## Exercise requirements
Reproduce the listing below in full and exactly; no pictures belong in the copy.

*** Opening of Dataset excerpt ***

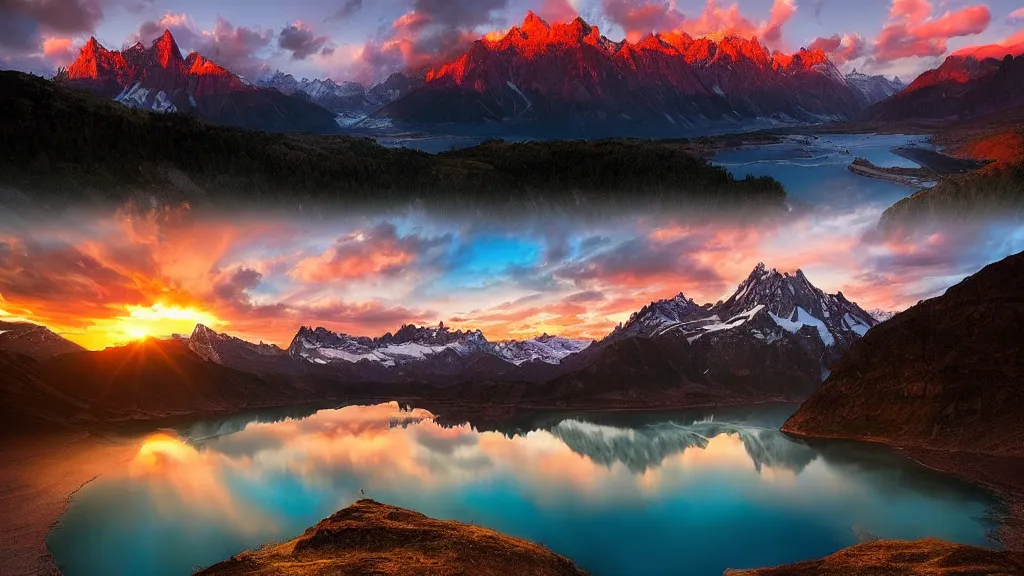 Image similar to amazing landscape photo of mountains with lake in sunset by marc adamus, beautiful dramatic lighting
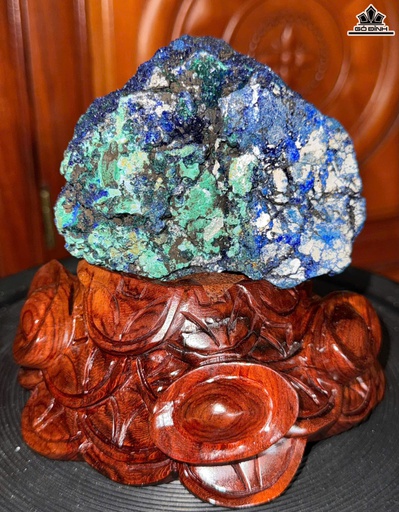 Tác Phẩm Azurite Cao 12,8 Ngang 12,5 (cm) - 0,85kg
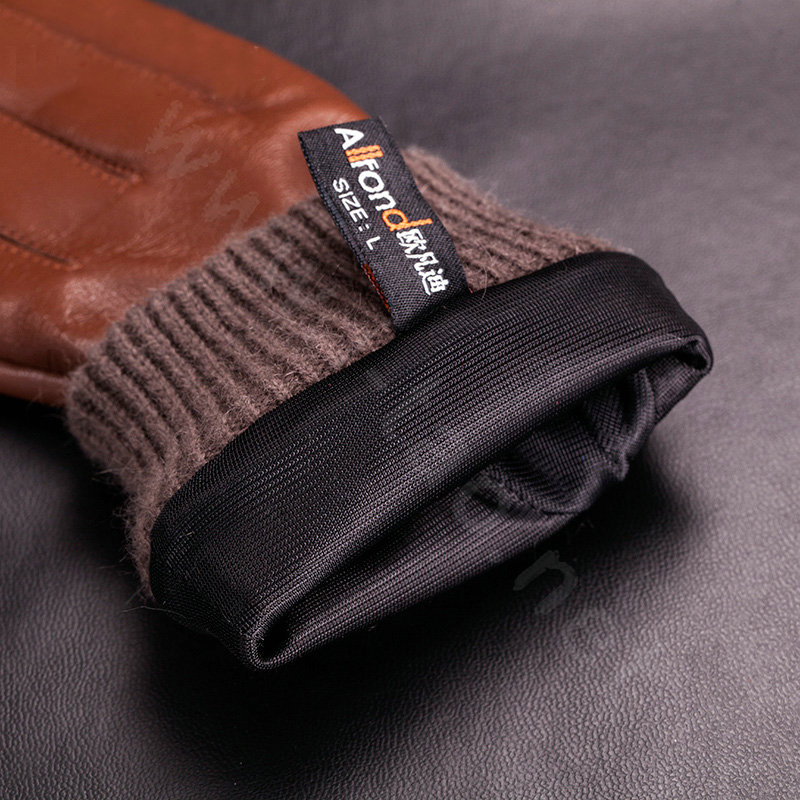 Allfond women winter waterproof cold-proof warm rabbit fur genuine goatskin leather gloves L - Brown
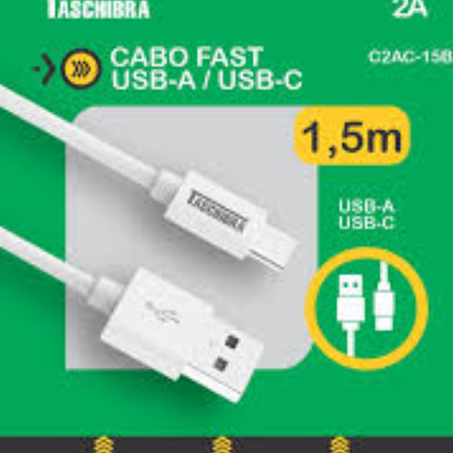 Cabo fast taschibra usb-a usb-c c2ac-15b 2a branco 1,5mt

*** Close of Dataset excerpt ***

## Answer to this task
 Image similar to amazing landscape photo of mountains with lake in sunset by marc adamus, beautiful dramatic lighting
 Tác Phẩm Azurite Cao 12,8 Ngang 12,5 (cm) - 0,85kg
 Allfond women winter waterproof cold-proof warm rabbit fur genuine goatskin leather gloves L - Brown
 Cabo fast taschibra usb-a usb-c c2ac-15b 2a branco 1,5mt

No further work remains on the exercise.